Fragments of her clothing were found in nearby woodland, where her body had previously been burnt.

Couzens sat in the dock at London’s Old Bailey yesterday with his head bowed, watched by Ms Everard’s family, who gave emotional victim impact statements to the court.

Ms Everard’s mother Susan said her daughter “lost her life because Couzens wanted to satisfy his perverted desires. It is a ridiculous reason”.

“I am outraged that he masqueraded as a policeman in order to get what he wanted,” she added.

The victim’s father, Jeremy, asked the killer, “Mr Couzens, please will you look at me”, before telling him: “No punishment that you receive will ever compare to the pain and torture that you have inflicted on us.”

Before the hearing, the Metropolitan Police said they were “sickened, angered and devastated by this man’s crimes, which betray everything we stand for”.
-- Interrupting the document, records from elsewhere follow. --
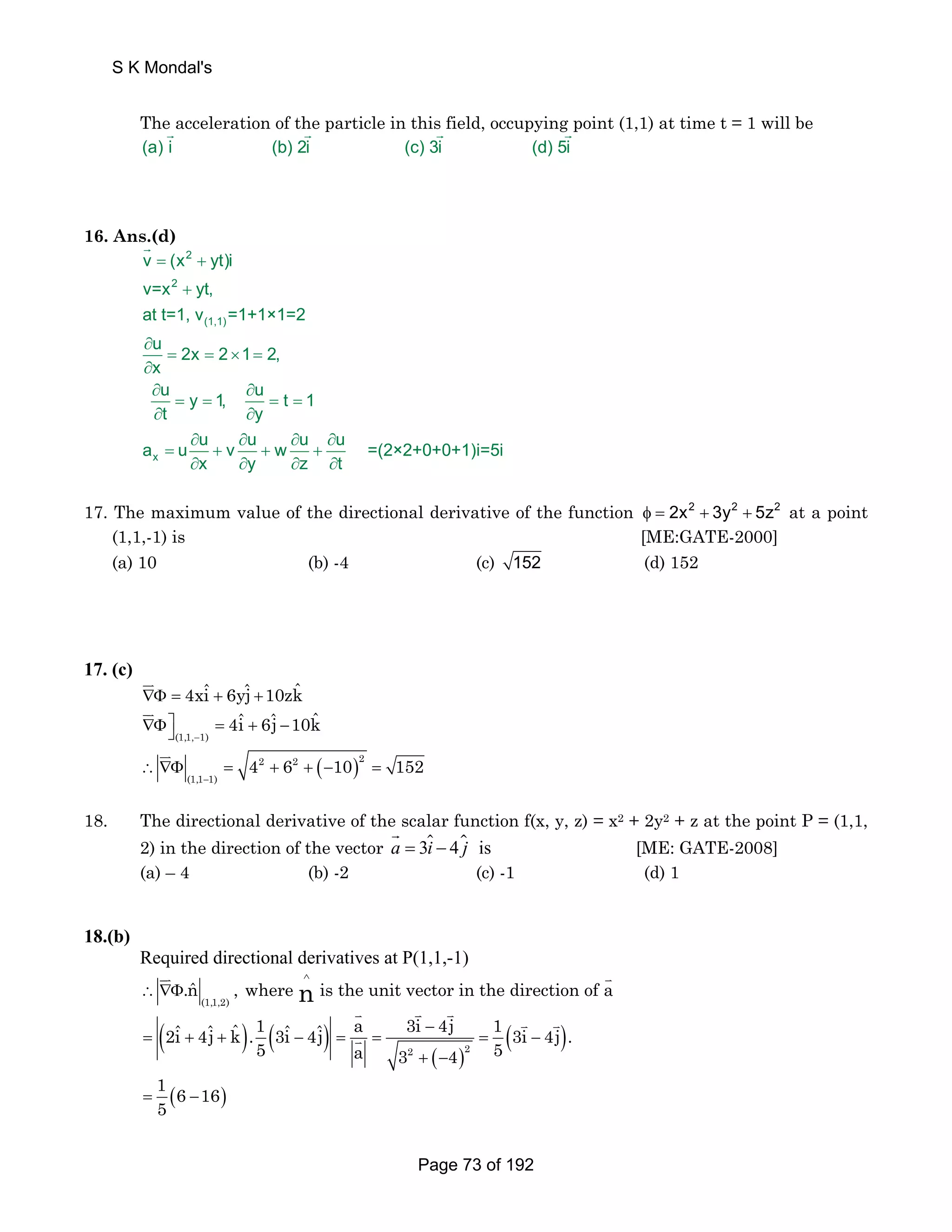 S K Mondal's 
The G acceleration of the G particle in this G field, occupying G 
point (1,1) at time t = 1 will be 
(a) i (b) 2i (c) 3i (d) 5i 
16. Ans.(d) 
2 
2 
v = (x + 
yt)i 
v=x yt, 
at t=1, v (1,1) 
=1+1×1=2 
u 2x 2 1 2, 
x 
u y 1, u t 1 
t y 
a u u v u w u u =(2×2+0+0+1)i=5i 
x 
x y z t 
+ 
∂ 
= = × = 
∂ 
∂ ∂ 
= = = = 
∂ ∂ 
∂ ∂ ∂ ∂ 
= + + + 
∂ ∂ ∂ ∂ 
G 
17. The maximum value of the directional derivative of the function φ = 2x2 + 3y2 + 5z2 at a point 
(1,1,-1) is [ME:GATE-2000] 
(a) 10 (b) -4 (c) 152 (d) 152 
17. (c) 
JK 
∇Φ = 4xiˆ + 6yˆj +10zkˆ 
∇Φ⎤⎦ = + − 
(1,1, 1) 
4iˆ 6ˆj 10kˆ 
− 
JK 
JK 2 2 2 
( ) − 
∴ ∇Φ = + + − = 
(1,1 1) 
4 6 10 152 
18. The directional derivative of the scalar function f(x, y, z) = x2 + 2y2 + z at the point P = (1,1, 
G  [ME: GATE-2008] 
2) in the direction of the vector a = 3i − 4j is 
(a) – 4 (b) -2 (c) -1 (d) 1 
18.(b) 
Required directional derivatives at P(1,1,-1) 
JK ∧ 
K 
.nˆ , where n is the unit vector in the direction of a 
( ) ( ) 
∴ ∇Φ 
(1,1,2) 
K K K K K 
K 2 2 
2iˆ 4ˆj kˆ .1 3iˆ 4ˆj a 3i 4j 1 3i 4j . 
− ( ) 
= + + − = = = − 
5 a 3 4 5 
( ) 
+ − 
= ( − ) 1 6 16 
5 
Page 73 of 192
The force has sacked the officer and said his actions “raise many questions and concerns” but it would not comment further until after the sentencing.

Demonstrators outside the court held banners with slogans criticising the police such as “Met Police Blood On Your Hands” and let off smoke flares.

The government has pledged to improve legislation after Everard’s murder sparked widespread anger at women’s lack of safety in public spaces, as well as low conviction rates for offences including rape, domestic abuse and stalking.